4. If Clarkson was great late, it was Russell who was great early. The Rockets looked quite eager to put the Lakers away in the 1st period, starting out with hot shooting while LA faltered some early. But it was Russell who pulled the team back into it, scoring 12 points and dishing 2 assists in the first frame. It was more than just the stats, though. Because while his shot making put points on the board, it was his confidence and playing to the crowd which brought energy to the building and helped pick the entire team up. We talked in our season preview about Russell becoming a leader for the team and I thought this was a prime example of one way he can do so.
5. If Russell and Clarkson provided the bookends of the sandwich, it was Randle who provided the fillings. His stat line of 18 points (9-11 shooting), 7 rebounds, and 6 assists stands out enough, but you truly had to watch the game to understand how meaningful those numbers were. Early on in the game, I thought Randle looked a bit sluggish, but in reality I think it was more him playing with a certain calm and patience his more forceful style doesn’t always mesh with. Randle still had moments where he played on edge, but those were balanced out with tremendous patience when working the post or in wing isolations. Rarely (if at all) did he force the action or look out of control. It was only fitting that the bucket which sealed the game was Randle working in space against Nene and, in true Randle form, he took him off the dribble, and shot up one of his hanging floaters which caught ever piece of the rim before falling. As the Rockets called timeout Randle ran to the sidelines and looked at the crowd, accepting his cheers. The moment served as another reminder to me that Randle does have some alpha in him and really does enjoy the big moments of games.

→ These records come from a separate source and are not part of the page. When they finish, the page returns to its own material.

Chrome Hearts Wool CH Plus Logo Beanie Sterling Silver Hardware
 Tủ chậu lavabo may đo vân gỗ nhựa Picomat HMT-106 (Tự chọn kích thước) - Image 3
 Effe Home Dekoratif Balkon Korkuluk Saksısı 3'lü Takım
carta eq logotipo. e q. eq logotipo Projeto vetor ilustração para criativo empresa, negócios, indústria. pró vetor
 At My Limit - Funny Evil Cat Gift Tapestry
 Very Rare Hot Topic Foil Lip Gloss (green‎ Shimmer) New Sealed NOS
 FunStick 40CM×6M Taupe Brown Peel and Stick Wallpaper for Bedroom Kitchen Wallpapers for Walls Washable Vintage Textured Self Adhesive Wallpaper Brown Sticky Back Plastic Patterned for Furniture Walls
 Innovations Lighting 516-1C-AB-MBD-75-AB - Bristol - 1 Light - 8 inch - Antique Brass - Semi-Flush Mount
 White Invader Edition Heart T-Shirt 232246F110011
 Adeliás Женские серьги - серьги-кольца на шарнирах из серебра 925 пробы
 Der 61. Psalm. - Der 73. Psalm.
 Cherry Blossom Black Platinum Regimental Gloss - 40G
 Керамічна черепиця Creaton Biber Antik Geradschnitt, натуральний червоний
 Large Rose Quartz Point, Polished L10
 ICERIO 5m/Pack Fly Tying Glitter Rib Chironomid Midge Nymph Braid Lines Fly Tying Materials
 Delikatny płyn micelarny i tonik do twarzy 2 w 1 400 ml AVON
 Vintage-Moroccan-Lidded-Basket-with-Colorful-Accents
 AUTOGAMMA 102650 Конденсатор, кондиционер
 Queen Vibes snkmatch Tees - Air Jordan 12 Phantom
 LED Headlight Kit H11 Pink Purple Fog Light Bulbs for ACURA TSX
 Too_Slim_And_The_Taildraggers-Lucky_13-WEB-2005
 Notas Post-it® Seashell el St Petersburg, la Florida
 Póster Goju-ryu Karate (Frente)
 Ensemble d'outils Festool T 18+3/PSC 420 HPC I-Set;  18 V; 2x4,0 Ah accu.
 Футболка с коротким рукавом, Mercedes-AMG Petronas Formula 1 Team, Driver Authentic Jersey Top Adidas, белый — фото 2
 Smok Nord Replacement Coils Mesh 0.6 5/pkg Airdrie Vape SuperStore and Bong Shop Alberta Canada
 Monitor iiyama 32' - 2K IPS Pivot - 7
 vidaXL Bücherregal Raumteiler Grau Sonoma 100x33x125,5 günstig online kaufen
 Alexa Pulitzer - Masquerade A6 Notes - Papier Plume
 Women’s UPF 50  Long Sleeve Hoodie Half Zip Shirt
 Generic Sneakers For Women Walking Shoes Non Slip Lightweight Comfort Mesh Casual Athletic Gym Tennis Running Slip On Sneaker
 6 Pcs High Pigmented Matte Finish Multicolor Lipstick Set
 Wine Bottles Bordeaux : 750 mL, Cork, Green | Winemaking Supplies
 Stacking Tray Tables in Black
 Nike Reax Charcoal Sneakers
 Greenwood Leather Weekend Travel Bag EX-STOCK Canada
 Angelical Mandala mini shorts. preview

6. If you look at Larry Nance’s boxscore — 5 points on 2-5 shooting, 5 rebounds, 2 assists, 1 steal, 1 block in 23 minutes — I suppose you might be impressed by the diversity of stat box-checking, but the volume of numbers might have you wanting for more. But if you dig into possessions and watch him for long stretches, you again see how valuable he can be to winning games. The way he rotates defensively, how he hedges and recovers, how quickly he makes decisions as a passer, the way he moves into open spaces around the paint offensively…he just has really good feel for where to be on the court. It is really hard to overstate how much these things matter and how important they are to winning possessions.
7. Hey, that Brandon Ingram kid is going to be good. Forget the stats (9 points, 4-6 shooting, 3 rebounds) and watch the tape. Watch how he was able to bother a couple of Harden jumpers with his length, how he got to the elbow late in the clock and hit a fading jumper over good Corey Brewer defense, how he was asked to handle the ball as the backup PG in his first game as a 19 year old rookie and didn’t flinch. We know he needs to get stronger and that he could use a bit tighter of a handle so he can pick up his dribble less and be more confident against pressure defense. But, against Houston — as it has been all preseason — he played with a poise and calm which belies his age.
8. Of the 2-man lineups who shared the floor for more than 20 minutes, the only duo which posted a positive net efficiency rating was Ingram/Nance. In the 21 minutes those two shared the floor, the Lakers had an OEff of 117.6 and a DEff of 102.8. That defensive rating is especially significant when you remember it is a full 8 points better than the team’s rating on the evening. This didn’t have everything to do with their play and there will always be noise in these types of stats, but I think it speaks to the nature of those two players’ games and how they tend to do a lot of little things which don’t always show up in the boxscore but still help the team.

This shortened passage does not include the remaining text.